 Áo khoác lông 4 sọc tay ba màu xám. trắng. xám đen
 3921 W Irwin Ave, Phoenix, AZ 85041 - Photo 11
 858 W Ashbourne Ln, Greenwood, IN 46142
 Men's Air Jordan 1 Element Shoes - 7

****************

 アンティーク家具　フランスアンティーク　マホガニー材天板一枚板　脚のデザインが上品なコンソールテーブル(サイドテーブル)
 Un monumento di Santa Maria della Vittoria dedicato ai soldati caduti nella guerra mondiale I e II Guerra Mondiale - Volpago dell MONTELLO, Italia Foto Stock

****************

→ **Task item**:
Begin with the line above that has "アンティーク家具　フランスア" and continue through the line that has "Un monumento di", setting each one down exactly. Stop there.

→ **Answer for this exercise**:
 アンティーク家具　フランスアンティーク　マホガニー材天板一枚板　脚のデザインが上品なコンソールテーブル(サイドテーブル)
 Un monumento di Santa Maria della Vittoria dedicato ai soldati caduti nella guerra mondiale I e II Guerra Mondiale - Volpago dell MONTELLO, Italia Foto Stock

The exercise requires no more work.